16 fish in a tank with the footprint of a 55g is a bit low IMO, I would increase the numbers of 10per sp, plus 4-6 synos (dependant on sp,)

however what should go without saying is it needs excellent filtration and regular LARGE water changes (50% weekly as a minimum)


----------



## F1 yellow (Aug 25, 2008)

What's up with the double post?

i'm kind of confuse because people say that s. multi
will grow from 4 to 5 anf few up to six and some
other people say they could grow up to 11"
i really like s. multipunctatus because of the big eye
and personality,

i will have to look into the s. petricola or luci
about the fish load some people had told me that
i could go up to 20 fish from 2 species.


----------



## PsYcHoTiC_MaDmAn (Dec 26, 2005)

I fixed the double post, merged the 2 threads into 1, and deleted the duplicate post.
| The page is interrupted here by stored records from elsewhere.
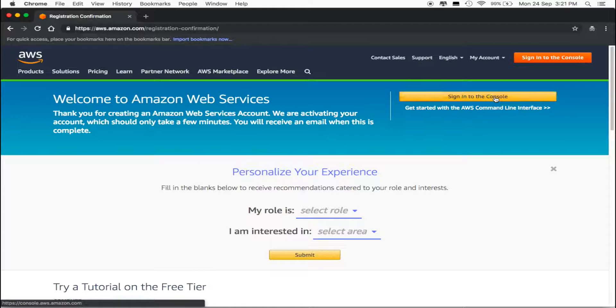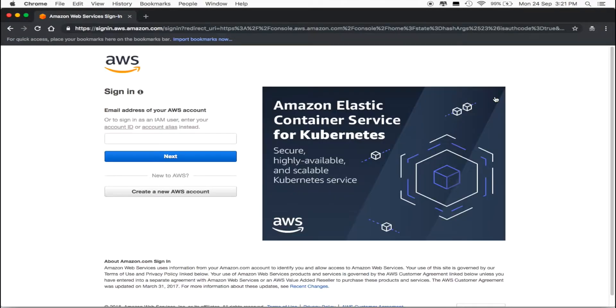Click on Sign in to the console. Enter your email address and password.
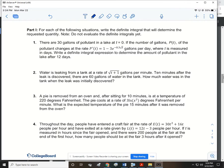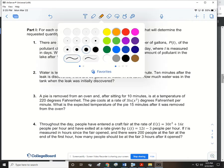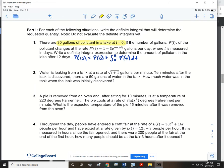There are 30 gallons of pollutant in the lake at time t equals 0. The number of gallons, p(t), of the pollutant changes at a rate of p′(t) equals that function, gallons per day, where t is measured in days. We want to write a definite integral expression to determine the amount of pollutant in the lake after 12 days. So p(12) equals p(0) plus the integral from 0 to 12 of p′(t)dt. Since p(0) equals 30, we get 30 plus the integral from 0 to 12 of p′(t)dt.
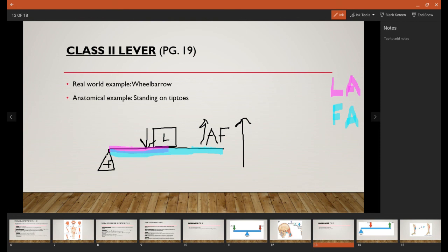An anatomical example of what you'll find in the body of a Class 2 lever system is standing on your tiptoes, which is a basic way of saying plantar flexion. We'll talk about that here in just a moment.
if you look at my planet catfish link, you would see that they state a maximum size of 6.3" for S. multipunctata.

and the 20 fish thing would be me on the other forum. (nickname is the same there as well) but that applies to the cichlids, add the catfish on top of that


----------



## F1 yellow (Aug 25, 2008)

I didn't want to mention names/nicknames but if it's ok COOL,

about the 20 fish seems ok to me but i will just keep 8 from each
species, just to low the bioload, cynotilapia afra cobue and yellow
labs are the two species that i'm keeping,

like we had mention before the footprint of the 40 gallon tank is the same
as the 55 gallon standard tank and the Synodontis multi are bottom
dwellers and they won't have to worry about the high of the tank
That's my personal opinion,


----------